I am extremely skeptical of any coating having a coefficient between .02 and .04. Teflon on Teflon will only get down to 0.04 if you lubricate the surfaces -- while Teflon on steel is also only good for that value. Such plastics are undoubtedly fine for seals but were never intended for the kinds of pressure, temperature, and speeds that will be seen on a modern engine in such places as mains, crankpins, pistons and rings. Despite the push for electrification, auto companies are still spending sizable fortunes on work to improve internal combustion engines and they would be all over any material that could reduce friction to such a degree in a practical manner. This is to say nothing of the multitudinous number of bearing manufacturers.
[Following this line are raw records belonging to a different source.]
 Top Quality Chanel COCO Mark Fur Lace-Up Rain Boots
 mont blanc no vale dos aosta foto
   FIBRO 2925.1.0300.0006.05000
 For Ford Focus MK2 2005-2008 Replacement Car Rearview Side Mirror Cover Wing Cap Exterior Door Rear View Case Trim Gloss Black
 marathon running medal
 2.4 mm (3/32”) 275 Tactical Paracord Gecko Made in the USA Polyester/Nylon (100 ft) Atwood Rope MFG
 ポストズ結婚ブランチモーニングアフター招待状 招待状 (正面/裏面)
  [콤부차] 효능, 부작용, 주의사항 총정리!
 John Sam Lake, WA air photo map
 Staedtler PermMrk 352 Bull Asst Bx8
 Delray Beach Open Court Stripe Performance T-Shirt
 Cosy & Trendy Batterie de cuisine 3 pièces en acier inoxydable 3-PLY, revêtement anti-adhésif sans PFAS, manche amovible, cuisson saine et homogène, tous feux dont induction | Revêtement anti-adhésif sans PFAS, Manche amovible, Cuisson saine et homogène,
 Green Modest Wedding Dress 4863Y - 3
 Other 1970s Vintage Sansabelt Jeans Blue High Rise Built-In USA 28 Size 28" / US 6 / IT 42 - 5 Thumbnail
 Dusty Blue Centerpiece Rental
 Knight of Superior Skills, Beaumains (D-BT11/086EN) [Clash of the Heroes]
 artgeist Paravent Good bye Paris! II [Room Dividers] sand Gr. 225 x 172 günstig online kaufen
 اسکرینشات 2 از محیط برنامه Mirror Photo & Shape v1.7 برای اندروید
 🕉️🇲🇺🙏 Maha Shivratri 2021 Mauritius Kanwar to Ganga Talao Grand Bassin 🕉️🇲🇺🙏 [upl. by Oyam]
Anyhow, all the rest of the pumps, blowers, alternators and the like also have to be factored in as losses before you can calculate for best efficiency. Then, probably assume about 80 percent boiler efficiency -- just to be on the safe side. Unfortunately, our ability to recover heat diminishes as differential temperature falls. I've been lectured before about condensing home furnaces and how applicable the technology is to steam cars. This is even true -- IF the car is non-condensing. Once you toss a condenser in, the boiler efficiency falls off dramatically simply because the feedwater temperature is going to be quite high.


Re: Modern Steam - Formula S Racecar
February 04, 2022 12:03PM
Hi Steve,
Hope all is well with you and staying warm.

Years ago I was an Engineer for Teledyne CAE and worked with gas turbine engines. I DD250 several F107 cruise-missal gas turbine engines to the Government. These rotating machines used labyrinth and shrouds that were sprayed with Nichole-Graphite plasma coating (Turbine nozzle/shroud). These seals are know as abrading seals. When they reach their maximum thermal growth, the abrading stops. At this point, they seal and have virtually no friction resistance. As Ken stated and evidence is that we did no calculation or figuring on friction. The engineering assumption is that it will be negligible after it wore in. With that said, I have no idea how your sealing method will if any effect MEP or FMEP. Sorry, can't help you on this one and offer the Teledyne experience as some reference to a rotation machine as opposed to a reciprocating machine.

Your question on Radiant vs Convective is a good one. Unfortunately I can only give you a shot from the hip. My starting point would be 50% - 50% respectfully. You will need hot gas flow if your steam generator design includes economizer that may not receive radiant heat. Hope this helps.

As far as boiler making goes, you will need to divulge some of the concept to the point of what type of generating coils you would like to use. For example, Tom's website shows how he makes what we like to call the Ofeldt coil.

Ofeldt Coils, Tony Grzyb

Tom might be a good starting point. He makes pancake, coil and pyramid coils. I intend to get set up to make coils myself. I have secured a large 90* gearbox and motor that will easily wind almost any coil. My ETA is like 6 months from now, maybe longer, don't know until I get it in my hands. I may have it on my trailer at the spring mini-meet.

Best of luck,
Re: Modern Steam - Formula S Racecar
February 04, 2022 01:34PM
I can understand your skepticism on the coating which I originally came across here in the forums. In 2010 a study performed by the DOE came out concerning its properties and development by ames laboratories. I have been in contact with the company that did hold use of the patent, NewTech Ceramics and am now keeping up with the new company Elas LC . I can email you a copy of the old and a bit outdated DOE study and also will include a link to more current information.
The coating called B.A.M for boron-aluminum-magnesium, becomes part of the material to which it is applied somewhat like case hardening. The maximum hardness of the material is 34.55 Gpa and a .02 to .08 coefficient of friction depending on the exact formulation. I have actually inquired about its use for piston rings and was told that it doesn't hold up as well. Also it works better in a humid environment such as steam applications. It is being used in bearings and according to the DOE study significantly increases the useful lifespan of a bearing. I've talked with one of the current heads of Elas about the use of BAM in my engine design and he believes that it should work well as it has already been used in a similar application which he couldn't describe due to an NDA . Its easy to google B.A.M and find a lot of information but for a start this link is useful.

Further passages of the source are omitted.